Parallelism in Aboria

OpenMP
CUDA

Aboria can use OpenMP or CUDA to utilise multiple cores or Nvidia GPUs that you might have. In general, Aboria uses the parallel algorithms and vectors provided with Thrust to do this. From there, you can either use Thrust's OpenMP or CUDA backends to provide the type of parallelism you wish. However, there are a few parts of Aboria that are OpenMP only (notably the entirety of the symbolic and kernel APIs).

OpenMP

You don't have to do much to start using OpenMP for the high level symbolic or kernel interfaces, all that is required is that you install OpenMP and Thrust and add the HAVE_THRUST compiler definition (see aboria.installation_and_getting_started). For lower-level programming you will need to add a few pragmas to your code, a few examples of which are discussed below.

First, let's create a set of N particles as usual

const size_t N = 100;
ABORIA_VARIABLE(neighbour_count, int, "neighbour_count");
typedef Particles<std::tuple<neighbour_count>, 2> particle_t;
typedef particle_t::position position;
particle_t particles(N);

Now we will loop through the particles and set their initial positions randomly.
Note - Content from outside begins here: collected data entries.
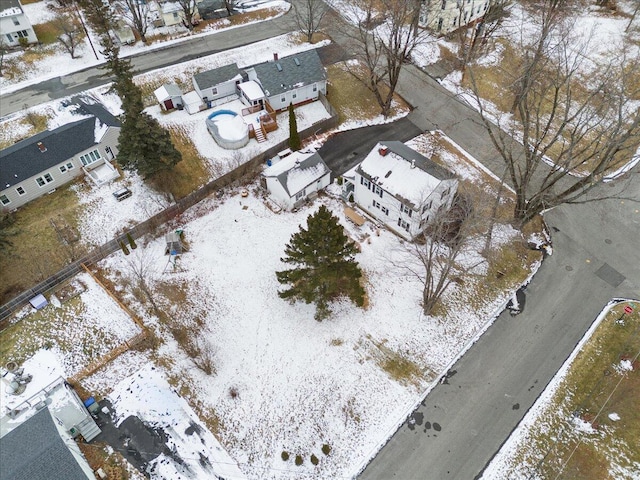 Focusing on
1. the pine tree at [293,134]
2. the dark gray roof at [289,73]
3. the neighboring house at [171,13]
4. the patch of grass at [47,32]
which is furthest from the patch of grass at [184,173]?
the patch of grass at [47,32]

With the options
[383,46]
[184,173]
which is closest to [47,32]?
[184,173]

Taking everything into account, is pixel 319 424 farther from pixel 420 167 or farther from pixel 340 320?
pixel 420 167

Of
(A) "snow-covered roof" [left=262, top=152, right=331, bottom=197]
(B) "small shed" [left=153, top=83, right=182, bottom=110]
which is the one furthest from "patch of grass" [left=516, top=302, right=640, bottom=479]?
(B) "small shed" [left=153, top=83, right=182, bottom=110]

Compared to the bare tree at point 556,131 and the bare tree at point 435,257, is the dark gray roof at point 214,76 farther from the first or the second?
the bare tree at point 435,257

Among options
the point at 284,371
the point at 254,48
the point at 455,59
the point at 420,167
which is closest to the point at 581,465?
the point at 284,371

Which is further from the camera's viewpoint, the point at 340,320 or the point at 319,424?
the point at 340,320

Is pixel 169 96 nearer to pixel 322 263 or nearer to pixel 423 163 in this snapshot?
pixel 423 163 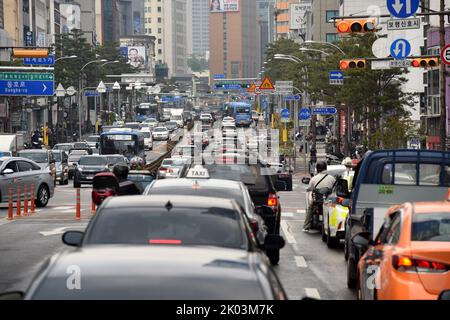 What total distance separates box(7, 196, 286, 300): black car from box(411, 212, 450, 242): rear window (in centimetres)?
272

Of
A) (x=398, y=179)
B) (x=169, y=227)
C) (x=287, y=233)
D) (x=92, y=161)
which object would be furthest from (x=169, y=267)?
(x=92, y=161)

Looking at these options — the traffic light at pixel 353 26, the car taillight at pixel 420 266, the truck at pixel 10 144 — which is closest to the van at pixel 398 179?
the car taillight at pixel 420 266

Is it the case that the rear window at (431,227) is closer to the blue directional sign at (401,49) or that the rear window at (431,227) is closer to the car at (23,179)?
the car at (23,179)

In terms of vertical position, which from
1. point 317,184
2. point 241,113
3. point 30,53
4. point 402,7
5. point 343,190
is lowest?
point 317,184

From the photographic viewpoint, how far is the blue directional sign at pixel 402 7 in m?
32.5

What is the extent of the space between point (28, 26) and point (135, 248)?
12223cm

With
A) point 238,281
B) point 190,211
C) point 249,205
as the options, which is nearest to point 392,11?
point 249,205

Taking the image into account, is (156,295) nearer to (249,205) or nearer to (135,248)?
(135,248)

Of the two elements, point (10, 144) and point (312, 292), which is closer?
point (312, 292)

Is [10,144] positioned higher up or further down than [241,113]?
further down

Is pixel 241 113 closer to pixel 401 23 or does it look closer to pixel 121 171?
pixel 401 23

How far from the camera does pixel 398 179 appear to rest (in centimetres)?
1958

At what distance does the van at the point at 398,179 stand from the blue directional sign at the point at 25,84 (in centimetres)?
5159

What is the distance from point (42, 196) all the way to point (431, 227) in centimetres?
2826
In order to use an OpenMP parallel for loop, we will stick to a simple index-based loop for loop to iterate through the particles, like so

#pragma omp parallel for
    for (size_t i = 0; i < particles.size(); ++i) {
      std::uniform_real_distribution<double> uniform(0, 1);
      auto gen = get<generator>(particles)[i];
      get<position>(particles)[i] = vdouble2(uniform(gen), uniform(gen));
    }

Now we can initialise the neighbourhood search data structure. Note that all creation and updates to the spatial data structures are run in parallel.

	Note
	currently the only data structure that is created or updated in serial is `Aboria::KdtreeNanoflann`. All the rest are done in parallel using either OpenMP or CUDA

particles.init_neighbour_search(
    vdouble2::Constant(0), vdouble2::Constant(1), vbool2::Constant(false));

We will use Aboria's range search to look for neighbouring pairs within a cutoff, and once again use OpenMPs parallel loop. All queries to the spatial data structures are thread-safe and can be used in parallel.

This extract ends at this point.